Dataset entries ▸
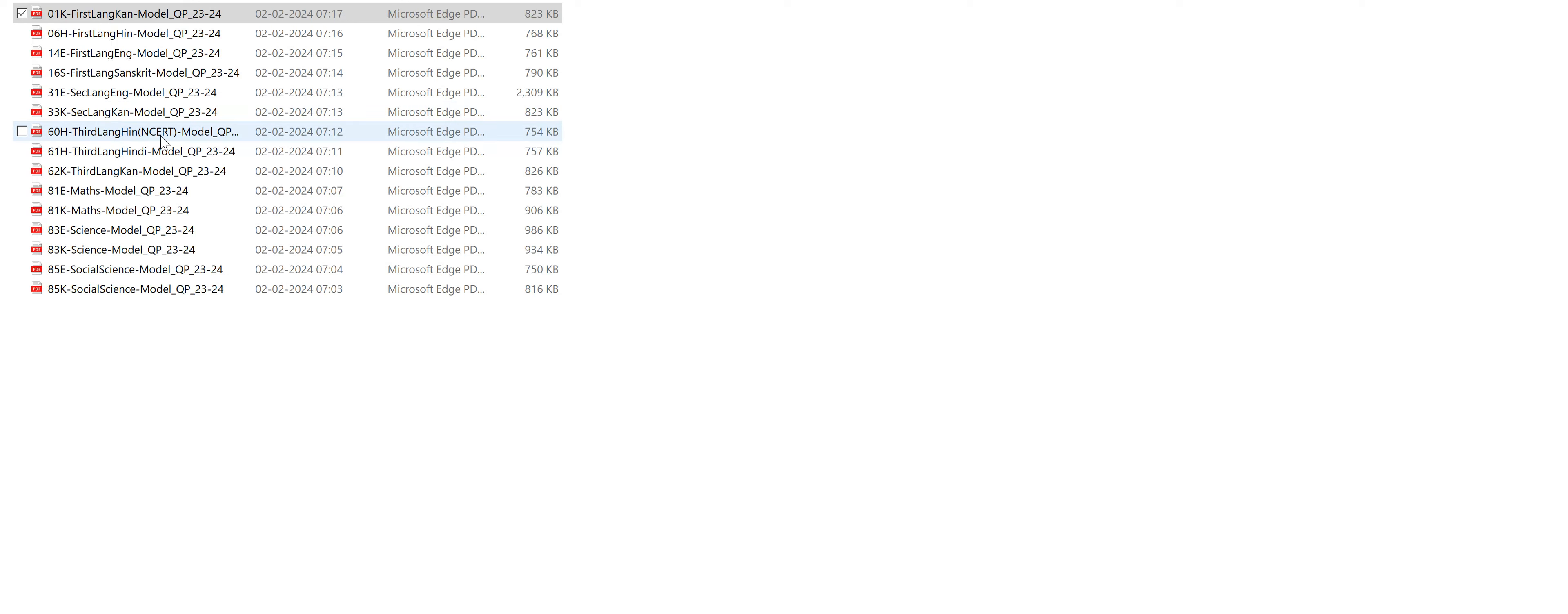This is for NCERT syllabus students. This is third language only Hindi. And then we have third language Kannada.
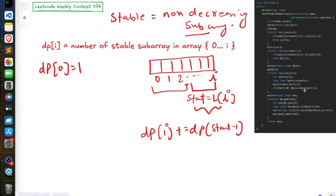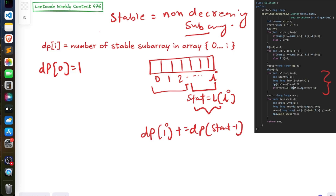The reason we add dp[start-1] is that dp[i] gives the combined answer — we calculate len*(len+1)/2 for the current non-decreasing portion, and since dp[i] must count all stable subarrays from 0 to i, we add dp[start-1] for the part before start. So dp[i] = dp[start-1] + len*(len+1)/2.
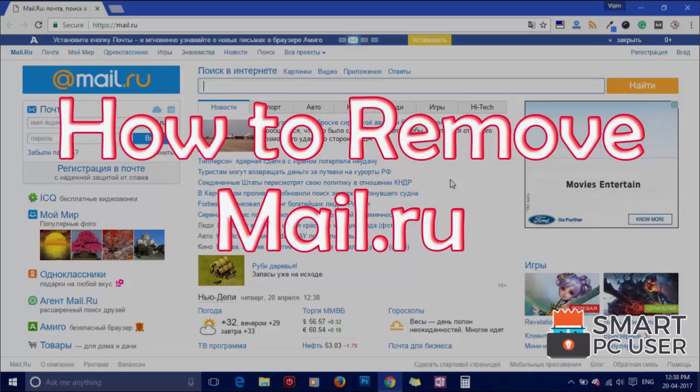Welcome to Smart PC User. In this video, we will see how to remove Mail.ru from all browsers at once.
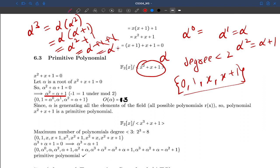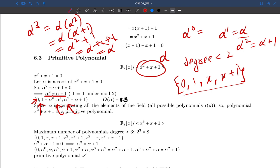So α³ = alpha, which was already generated. The order of this element is 3 because after superscript label 3 we fall back to previous elements. We have: 0 (added explicitly), 1 = α⁰, alpha = α¹, α+1 = α². Increasing the superscript label further just repeats the same set.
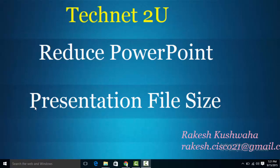Hello friends, welcome to Technet 2U, your technology and computer tutorial blog. Today I'm going to tell you how to reduce PowerPoint presentation file size.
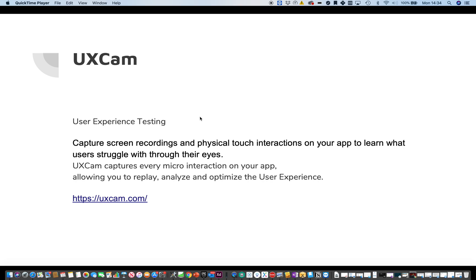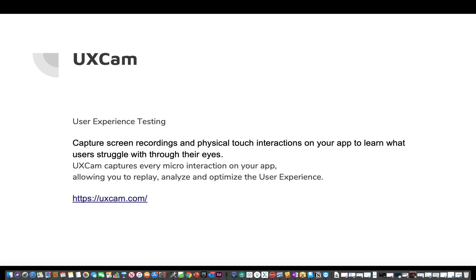So you can capture every micro-interaction on your app, allowing you to replay, analyse and optimise the user experience.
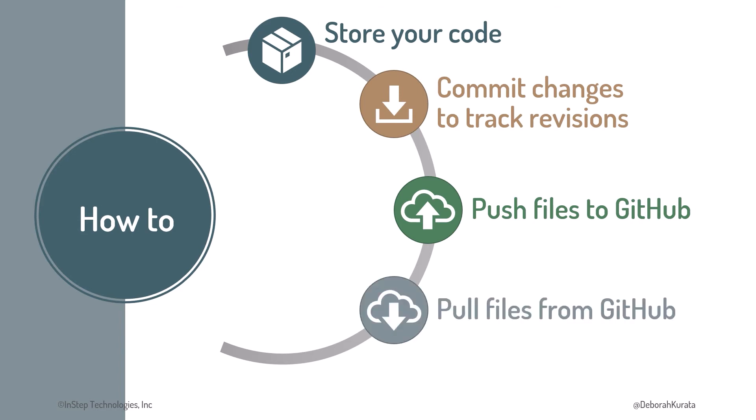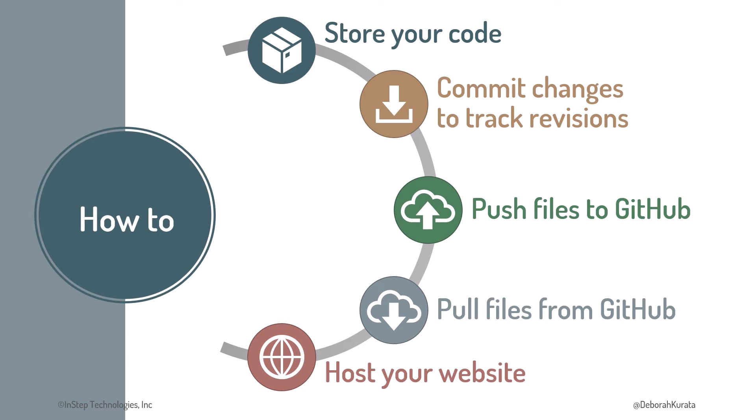You'll see how to pull your files, or anyone else's public files, from GitHub and use GitHub Pages to host your website on GitHub, so anyone on the Internet can access your website. We'll use GitHub Desktop and VS Code to achieve these goals, which means we won't learn any Git command line syntax in this course.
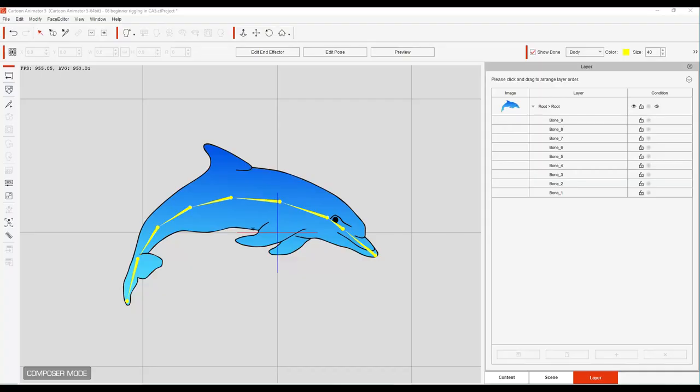Okay, lesson six. It's time to learn beginner's rigging and some of the new features in Cartoon Animator 5.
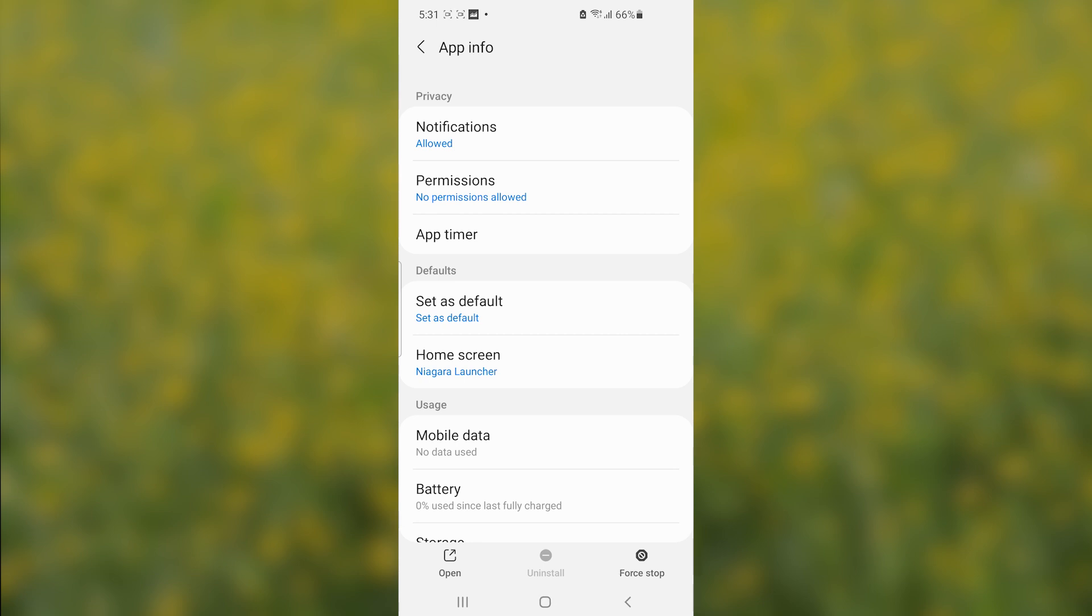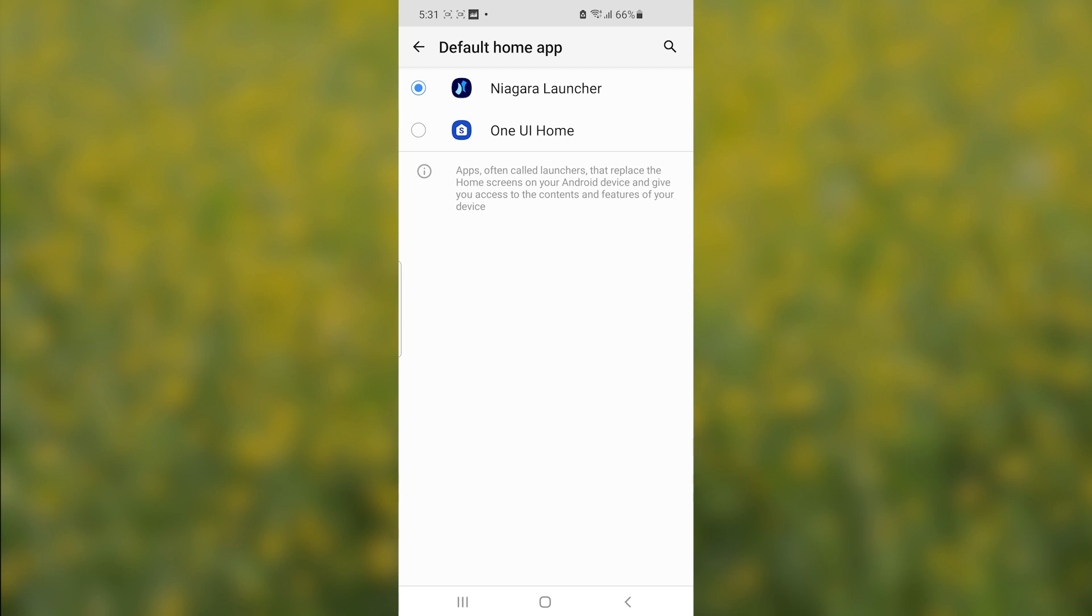Select here where it is written 'Home screen.' As you can see, Niagara Launcher has been set as the default home app, so make sure to set your default home app for your phone.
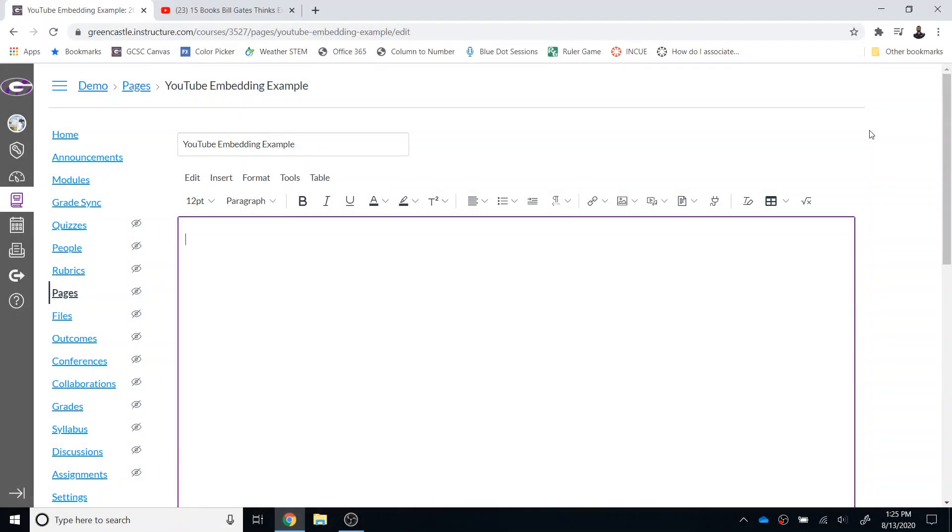Welcome everyone. In this brief video I'm going to show you the two ways to embed a YouTube video within Canvas. It is preferable to embed a video as opposed to putting the link.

INSTRUCTIONS TO FOLLOW ▸ Every line above has to be output exactly; the pictures must be dropped.

TASK RESPONSE ▸
This is for NCERT syllabus students. This is third language only Hindi. And then we have third language Kannada.
The reason we add dp[start-1] is that dp[i] gives the combined answer — we calculate len*(len+1)/2 for the current non-decreasing portion, and since dp[i] must count all stable subarrays from 0 to i, we add dp[start-1] for the part before start. So dp[i] = dp[start-1] + len*(len+1)/2.
Welcome to Smart PC User. In this video, we will see how to remove Mail.ru from all browsers at once.
So α³ = alpha, which was already generated. The order of this element is 3 because after superscript label 3 we fall back to previous elements. We have: 0 (added explicitly), 1 = α⁰, alpha = α¹, α+1 = α². Increasing the superscript label further just repeats the same set.
Hello friends, welcome to Technet 2U, your technology and computer tutorial blog. Today I'm going to tell you how to reduce PowerPoint presentation file size.
So you can capture every micro-interaction on your app, allowing you to replay, analyse and optimise the user experience.
You'll see how to pull your files, or anyone else's public files, from GitHub and use GitHub Pages to host your website on GitHub, so anyone on the Internet can access your website. We'll use GitHub Desktop and VS Code to achieve these goals, which means we won't learn any Git command line syntax in this course.
Okay, lesson six. It's time to learn beginner's rigging and some of the new features in Cartoon Animator 5.
Select here where it is written 'Home screen.' As you can see, Niagara Launcher has been set as the default home app, so make sure to set your default home app for your phone.
Welcome everyone. In this brief video I'm going to show you the two ways to embed a YouTube video within Canvas. It is preferable to embed a video as opposed to putting the link.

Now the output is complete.